New Horizons was launched to Pluto on January 19, 2006, when the icy body was still considered a planet, the last one never visited by a spacecraft from Earth. Months after liftoff, astronomers reclassified Pluto as a dwarf planet, just the second-largest of all known objects in the Kuiper Belt, a collection of icy bodies in eccentric orbits, far from the Sun. Since its launch, the robotic explorer has journeyed three billion miles from our home planet to the outskirts of the Solar System.

New Horizons has been in hibernation mode for much of its flight. On December 6, 2014, mission controllers woke the craft from its slumber, preparing for its long-awaited encounter with the system of Pluto and its natural satellites. So far, astronomers know of five moons orbiting around the remote body.

New Horizons will begin observations of Pluto and its moons on January 15. As the spacecraft approaches the frozen bodies, observations will become more detailed. By the middle of May, images from the robotic observer are predicted to be more detailed than the best images of the dwarf planet ever taken by the Hubble Space Telescope. New Horizons will make its closest approach to Pluto on July 14, 2015.

The Kuiper Belt is one of the last unexplored regions of the Solar System. This feature, along with the similar, but even more distant, Oort Cloud, is believed to be an ultimate source of comets, which race toward the Sun.

"For decades we thought Pluto was this odd little body on the planetary outskirts; now we know it's really a gateway to an entire region of new worlds in the Kuiper Belt, and New Horizons is going to provide the first close-up look at them," Hal Weaver of Johns Hopkins Applied Physics Laboratory said.

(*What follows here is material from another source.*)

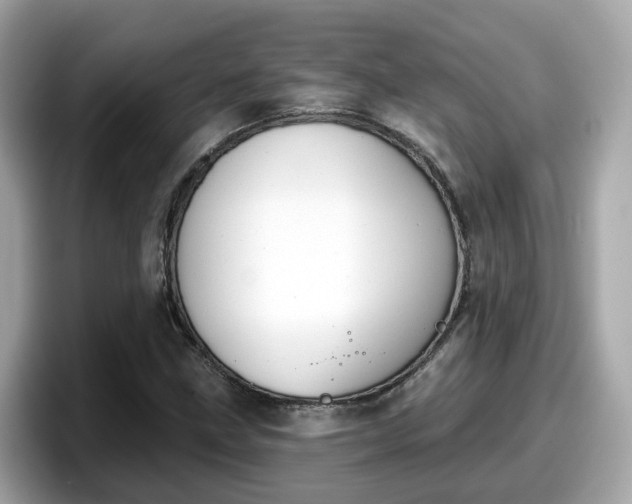 X0000098091211200804110956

The journey to Pluto is the greatest distance NASA has ever covered on the way to a spacecraft's primary target. The vehicle is so far away from the Earth that it takes radio waves, traveling over 186,000 miles a second, four-and-a-half hours to travel between the craft and mission on our planet.

During hibernation, most of the electronics on-board the vehicle were shut down, saving wear and tear on the systems. The vehicle was awakened two to three times a year for course corrections, to gather science data, practice approach procedures, and to calibrate instruments. New Horizons sent a signal, once a week, back to mission controllers, reporting on the condition of the vehicle.

"The final hibernation wake up Dec. 6 signifies the end of an historic cruise across the entirety of our planetary system. We are almost on Pluto's doorstep!" Alan Stern of the Southwest Research Institute, principal investigator on the New Horizons mission, said.